Saturday, June 03, 2023

Kat's Korner: Simply Red's just marking TIME

Kat: 36 years ago.  That's about how long ago it was. April 19, 1987, if you need a specific date.  There was Tom, that cute high school boy.  In mechanic shop.  Lot of people found him cute.  The next week, a teacher would have the hots for him.  The week prior he was still torn up about his dad, Tom Sr., dying a few years prior.  He was sensitive like that.  And Sunday nights were all about wondering what Tom would do next?


It was Johnny Depp's world and we were just along for the ride and could be cut out at any minute -- all of us, even Simply Red.  
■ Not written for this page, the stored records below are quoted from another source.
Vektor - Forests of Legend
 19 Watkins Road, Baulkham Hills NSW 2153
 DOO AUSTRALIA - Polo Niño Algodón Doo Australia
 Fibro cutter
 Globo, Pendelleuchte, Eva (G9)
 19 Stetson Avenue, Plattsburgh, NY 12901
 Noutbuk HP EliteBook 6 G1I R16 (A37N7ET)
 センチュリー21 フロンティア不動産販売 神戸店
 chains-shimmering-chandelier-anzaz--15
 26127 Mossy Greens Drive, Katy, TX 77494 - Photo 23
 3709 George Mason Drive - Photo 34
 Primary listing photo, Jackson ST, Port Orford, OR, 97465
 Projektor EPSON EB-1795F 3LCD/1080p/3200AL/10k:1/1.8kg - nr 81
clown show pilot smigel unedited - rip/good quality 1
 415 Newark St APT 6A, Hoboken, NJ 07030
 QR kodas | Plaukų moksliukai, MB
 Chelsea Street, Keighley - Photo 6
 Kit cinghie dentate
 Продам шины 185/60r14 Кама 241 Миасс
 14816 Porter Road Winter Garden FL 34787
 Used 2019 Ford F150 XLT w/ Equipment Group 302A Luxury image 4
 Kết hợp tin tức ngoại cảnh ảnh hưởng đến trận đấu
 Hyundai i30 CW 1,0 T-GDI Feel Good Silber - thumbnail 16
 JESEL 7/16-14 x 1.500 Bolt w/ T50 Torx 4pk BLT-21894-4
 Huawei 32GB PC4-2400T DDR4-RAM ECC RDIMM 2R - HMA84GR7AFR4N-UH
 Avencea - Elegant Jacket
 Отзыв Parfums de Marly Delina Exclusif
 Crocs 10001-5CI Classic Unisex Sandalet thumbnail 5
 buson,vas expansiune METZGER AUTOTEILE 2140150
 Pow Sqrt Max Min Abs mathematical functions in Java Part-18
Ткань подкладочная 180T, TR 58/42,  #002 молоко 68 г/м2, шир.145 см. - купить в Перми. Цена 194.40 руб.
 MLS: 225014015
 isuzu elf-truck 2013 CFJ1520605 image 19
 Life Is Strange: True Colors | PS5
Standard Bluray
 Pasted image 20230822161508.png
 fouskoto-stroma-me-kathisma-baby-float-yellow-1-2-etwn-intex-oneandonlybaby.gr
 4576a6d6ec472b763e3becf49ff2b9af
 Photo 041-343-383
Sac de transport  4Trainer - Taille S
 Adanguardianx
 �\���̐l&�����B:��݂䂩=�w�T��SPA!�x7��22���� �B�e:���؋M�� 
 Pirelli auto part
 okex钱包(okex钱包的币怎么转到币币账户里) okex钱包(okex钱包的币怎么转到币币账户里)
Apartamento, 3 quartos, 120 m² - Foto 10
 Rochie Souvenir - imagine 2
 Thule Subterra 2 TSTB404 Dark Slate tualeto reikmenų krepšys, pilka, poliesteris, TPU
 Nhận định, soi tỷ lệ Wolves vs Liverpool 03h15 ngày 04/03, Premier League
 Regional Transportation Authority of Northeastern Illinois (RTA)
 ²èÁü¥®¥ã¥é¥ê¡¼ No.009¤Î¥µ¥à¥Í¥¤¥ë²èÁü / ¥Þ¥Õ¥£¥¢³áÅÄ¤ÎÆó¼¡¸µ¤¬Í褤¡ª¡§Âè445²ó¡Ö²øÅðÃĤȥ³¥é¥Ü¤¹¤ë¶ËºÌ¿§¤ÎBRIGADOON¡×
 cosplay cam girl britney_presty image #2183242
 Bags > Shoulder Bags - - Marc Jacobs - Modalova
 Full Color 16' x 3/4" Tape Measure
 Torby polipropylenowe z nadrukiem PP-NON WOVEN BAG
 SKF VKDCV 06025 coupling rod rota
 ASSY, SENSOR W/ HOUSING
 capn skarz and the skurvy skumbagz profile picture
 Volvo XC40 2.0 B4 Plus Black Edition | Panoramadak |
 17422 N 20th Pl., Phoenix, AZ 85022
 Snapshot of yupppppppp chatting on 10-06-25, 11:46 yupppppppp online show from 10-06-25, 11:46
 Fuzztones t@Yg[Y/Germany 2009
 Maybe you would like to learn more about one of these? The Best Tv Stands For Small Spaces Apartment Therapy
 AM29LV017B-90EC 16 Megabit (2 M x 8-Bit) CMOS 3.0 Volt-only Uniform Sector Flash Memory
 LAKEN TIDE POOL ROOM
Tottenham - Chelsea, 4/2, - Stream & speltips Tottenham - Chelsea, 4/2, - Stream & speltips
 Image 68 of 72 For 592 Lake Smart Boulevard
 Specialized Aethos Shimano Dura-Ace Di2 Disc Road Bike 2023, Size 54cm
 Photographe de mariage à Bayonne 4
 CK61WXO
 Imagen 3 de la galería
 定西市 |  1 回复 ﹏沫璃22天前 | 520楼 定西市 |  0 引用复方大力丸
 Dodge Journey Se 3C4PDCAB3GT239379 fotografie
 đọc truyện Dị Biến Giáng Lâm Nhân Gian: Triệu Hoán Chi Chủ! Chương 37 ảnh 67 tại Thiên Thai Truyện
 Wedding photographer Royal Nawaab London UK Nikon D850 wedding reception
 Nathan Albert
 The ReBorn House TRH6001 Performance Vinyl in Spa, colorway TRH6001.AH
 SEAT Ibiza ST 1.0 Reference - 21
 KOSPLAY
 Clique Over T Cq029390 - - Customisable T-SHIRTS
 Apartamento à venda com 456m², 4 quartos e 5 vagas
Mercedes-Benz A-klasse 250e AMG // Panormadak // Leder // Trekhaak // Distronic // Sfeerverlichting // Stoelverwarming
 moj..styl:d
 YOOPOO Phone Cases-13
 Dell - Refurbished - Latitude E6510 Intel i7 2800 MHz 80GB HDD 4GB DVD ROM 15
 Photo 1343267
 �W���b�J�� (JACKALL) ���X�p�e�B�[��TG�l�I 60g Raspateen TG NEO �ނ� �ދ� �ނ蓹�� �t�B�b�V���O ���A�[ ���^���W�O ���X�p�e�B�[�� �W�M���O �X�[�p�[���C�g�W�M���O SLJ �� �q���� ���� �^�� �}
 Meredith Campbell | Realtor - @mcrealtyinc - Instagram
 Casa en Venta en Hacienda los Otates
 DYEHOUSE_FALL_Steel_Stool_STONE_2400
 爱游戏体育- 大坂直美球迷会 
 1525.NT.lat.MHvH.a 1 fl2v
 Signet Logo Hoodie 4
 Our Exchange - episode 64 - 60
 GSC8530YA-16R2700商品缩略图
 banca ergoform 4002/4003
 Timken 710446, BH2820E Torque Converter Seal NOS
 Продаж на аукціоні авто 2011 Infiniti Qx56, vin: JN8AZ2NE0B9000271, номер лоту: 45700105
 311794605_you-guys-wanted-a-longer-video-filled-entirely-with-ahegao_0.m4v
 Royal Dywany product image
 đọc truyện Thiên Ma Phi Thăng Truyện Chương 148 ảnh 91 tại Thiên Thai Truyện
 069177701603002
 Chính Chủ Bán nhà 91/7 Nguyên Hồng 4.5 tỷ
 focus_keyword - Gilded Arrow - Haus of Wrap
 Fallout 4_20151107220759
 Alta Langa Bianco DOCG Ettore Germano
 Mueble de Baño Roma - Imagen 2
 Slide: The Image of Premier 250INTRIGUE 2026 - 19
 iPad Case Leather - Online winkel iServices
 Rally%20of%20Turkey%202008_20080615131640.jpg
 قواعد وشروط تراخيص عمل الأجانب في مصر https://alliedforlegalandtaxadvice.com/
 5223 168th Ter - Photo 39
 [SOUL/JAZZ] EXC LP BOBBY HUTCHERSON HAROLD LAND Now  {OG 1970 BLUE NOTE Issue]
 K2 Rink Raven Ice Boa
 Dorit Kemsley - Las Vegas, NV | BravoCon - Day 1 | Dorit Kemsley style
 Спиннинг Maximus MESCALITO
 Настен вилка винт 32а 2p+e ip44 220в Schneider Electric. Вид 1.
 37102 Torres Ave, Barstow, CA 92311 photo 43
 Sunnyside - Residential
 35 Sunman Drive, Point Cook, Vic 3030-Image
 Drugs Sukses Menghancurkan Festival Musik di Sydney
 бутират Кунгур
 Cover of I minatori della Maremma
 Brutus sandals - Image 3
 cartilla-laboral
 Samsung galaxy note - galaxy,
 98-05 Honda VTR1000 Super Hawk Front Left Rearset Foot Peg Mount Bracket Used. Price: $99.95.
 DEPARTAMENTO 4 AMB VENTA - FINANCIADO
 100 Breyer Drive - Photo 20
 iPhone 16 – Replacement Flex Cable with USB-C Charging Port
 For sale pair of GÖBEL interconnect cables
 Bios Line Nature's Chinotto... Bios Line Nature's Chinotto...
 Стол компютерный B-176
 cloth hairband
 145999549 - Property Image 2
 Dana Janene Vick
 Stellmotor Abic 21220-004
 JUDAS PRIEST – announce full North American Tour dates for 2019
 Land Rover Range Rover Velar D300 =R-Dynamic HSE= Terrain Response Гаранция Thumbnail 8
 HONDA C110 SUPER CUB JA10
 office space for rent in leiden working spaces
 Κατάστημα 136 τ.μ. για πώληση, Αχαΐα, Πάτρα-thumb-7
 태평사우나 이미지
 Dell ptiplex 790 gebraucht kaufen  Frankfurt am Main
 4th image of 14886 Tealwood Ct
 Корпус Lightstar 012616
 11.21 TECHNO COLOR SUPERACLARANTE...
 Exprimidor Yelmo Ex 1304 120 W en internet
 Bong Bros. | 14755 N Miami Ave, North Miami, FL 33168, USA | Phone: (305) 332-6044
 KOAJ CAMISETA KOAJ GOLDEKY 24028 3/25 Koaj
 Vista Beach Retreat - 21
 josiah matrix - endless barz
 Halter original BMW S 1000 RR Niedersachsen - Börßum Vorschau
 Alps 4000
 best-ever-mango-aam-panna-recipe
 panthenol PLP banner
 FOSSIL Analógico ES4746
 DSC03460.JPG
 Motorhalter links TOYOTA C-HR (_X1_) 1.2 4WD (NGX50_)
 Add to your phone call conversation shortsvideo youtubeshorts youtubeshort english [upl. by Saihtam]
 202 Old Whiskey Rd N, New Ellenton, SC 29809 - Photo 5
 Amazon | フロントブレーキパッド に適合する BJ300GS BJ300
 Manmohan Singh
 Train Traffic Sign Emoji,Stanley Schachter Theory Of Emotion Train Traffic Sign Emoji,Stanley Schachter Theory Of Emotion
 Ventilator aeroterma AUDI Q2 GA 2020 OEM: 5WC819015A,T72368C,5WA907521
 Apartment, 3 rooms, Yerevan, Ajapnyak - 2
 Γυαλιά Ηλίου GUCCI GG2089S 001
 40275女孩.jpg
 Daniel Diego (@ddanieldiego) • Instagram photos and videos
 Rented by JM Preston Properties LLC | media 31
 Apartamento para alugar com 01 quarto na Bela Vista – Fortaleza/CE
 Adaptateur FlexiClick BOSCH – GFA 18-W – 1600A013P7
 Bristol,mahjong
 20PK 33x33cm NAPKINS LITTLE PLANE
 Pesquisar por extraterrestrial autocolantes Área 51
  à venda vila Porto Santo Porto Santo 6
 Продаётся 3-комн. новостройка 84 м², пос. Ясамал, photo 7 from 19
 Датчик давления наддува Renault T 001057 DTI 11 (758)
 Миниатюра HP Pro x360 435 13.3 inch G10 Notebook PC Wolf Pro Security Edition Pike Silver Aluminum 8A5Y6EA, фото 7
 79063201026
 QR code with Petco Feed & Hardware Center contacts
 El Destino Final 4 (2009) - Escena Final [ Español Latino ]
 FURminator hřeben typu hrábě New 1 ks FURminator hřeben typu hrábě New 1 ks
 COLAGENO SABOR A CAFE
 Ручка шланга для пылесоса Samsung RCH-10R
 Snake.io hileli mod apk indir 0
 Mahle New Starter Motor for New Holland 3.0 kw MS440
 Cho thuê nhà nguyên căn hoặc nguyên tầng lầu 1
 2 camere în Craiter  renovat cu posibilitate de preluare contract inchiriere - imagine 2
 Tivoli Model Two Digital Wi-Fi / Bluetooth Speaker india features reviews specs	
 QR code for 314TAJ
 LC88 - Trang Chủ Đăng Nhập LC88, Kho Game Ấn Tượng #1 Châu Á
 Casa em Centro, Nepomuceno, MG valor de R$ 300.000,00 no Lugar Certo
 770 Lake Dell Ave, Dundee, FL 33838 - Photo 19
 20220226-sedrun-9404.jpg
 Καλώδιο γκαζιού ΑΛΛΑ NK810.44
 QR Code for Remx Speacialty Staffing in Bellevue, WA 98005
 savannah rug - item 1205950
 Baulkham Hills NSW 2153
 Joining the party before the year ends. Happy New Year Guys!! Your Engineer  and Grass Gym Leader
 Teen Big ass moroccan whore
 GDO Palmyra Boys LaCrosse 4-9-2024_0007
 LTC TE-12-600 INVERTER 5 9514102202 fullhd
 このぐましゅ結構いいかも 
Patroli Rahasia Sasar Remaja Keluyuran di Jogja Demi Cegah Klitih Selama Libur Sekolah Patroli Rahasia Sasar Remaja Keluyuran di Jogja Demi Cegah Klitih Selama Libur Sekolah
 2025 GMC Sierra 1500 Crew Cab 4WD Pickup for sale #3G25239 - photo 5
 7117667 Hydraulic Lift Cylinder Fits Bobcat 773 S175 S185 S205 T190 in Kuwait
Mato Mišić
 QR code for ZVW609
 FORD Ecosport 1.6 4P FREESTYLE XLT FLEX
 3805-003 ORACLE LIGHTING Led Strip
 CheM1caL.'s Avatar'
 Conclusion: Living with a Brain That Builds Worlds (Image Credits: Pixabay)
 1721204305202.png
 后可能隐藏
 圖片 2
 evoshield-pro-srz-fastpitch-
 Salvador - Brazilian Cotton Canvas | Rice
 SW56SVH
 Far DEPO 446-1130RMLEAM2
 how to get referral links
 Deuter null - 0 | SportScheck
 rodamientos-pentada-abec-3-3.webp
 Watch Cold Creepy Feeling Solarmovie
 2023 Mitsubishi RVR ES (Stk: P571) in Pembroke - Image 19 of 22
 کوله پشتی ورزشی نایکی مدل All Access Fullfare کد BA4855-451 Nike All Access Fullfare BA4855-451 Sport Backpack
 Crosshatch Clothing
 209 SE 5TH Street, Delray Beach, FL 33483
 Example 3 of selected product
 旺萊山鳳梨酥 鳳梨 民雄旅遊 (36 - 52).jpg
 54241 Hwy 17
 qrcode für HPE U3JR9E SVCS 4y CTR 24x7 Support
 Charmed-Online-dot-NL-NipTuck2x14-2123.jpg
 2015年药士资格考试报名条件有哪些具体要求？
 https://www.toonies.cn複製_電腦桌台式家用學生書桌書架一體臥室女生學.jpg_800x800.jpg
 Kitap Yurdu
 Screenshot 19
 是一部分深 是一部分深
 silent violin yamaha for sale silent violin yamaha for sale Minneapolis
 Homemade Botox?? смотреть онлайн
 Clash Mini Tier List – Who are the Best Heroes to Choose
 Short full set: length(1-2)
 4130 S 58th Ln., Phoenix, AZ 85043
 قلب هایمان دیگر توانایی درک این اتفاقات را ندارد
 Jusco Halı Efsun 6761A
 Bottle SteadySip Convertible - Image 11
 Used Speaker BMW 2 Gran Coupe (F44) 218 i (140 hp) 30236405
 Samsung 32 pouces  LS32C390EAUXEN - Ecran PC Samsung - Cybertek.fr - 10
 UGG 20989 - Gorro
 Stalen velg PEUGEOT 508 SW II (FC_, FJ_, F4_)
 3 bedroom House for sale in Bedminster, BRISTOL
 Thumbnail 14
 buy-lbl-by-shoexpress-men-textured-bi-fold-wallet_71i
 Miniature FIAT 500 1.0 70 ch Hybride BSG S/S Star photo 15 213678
"America, What A Town" aired April 19, 1997.  The broadcast featured not one but three Simply Red songs.  If you watch it now, you don't hear the songs, they've been replaced with generic crap so I guess they didn't have the rights to use the songs in syndication and streaming.  Click here for a clip of the episode with Simply Red's "The Right Thing" starting at the 20 second mark and then click here for the full episode at FILM RISE without Simply Red's songs. 21 JUMP STREET was a new show on FOX and, in addition to featuring the songs of Simply Red in that episode, the group's hit "Holding Back The Years" was also being used in TV spots focusing on Johnny's cute face to promote the new show.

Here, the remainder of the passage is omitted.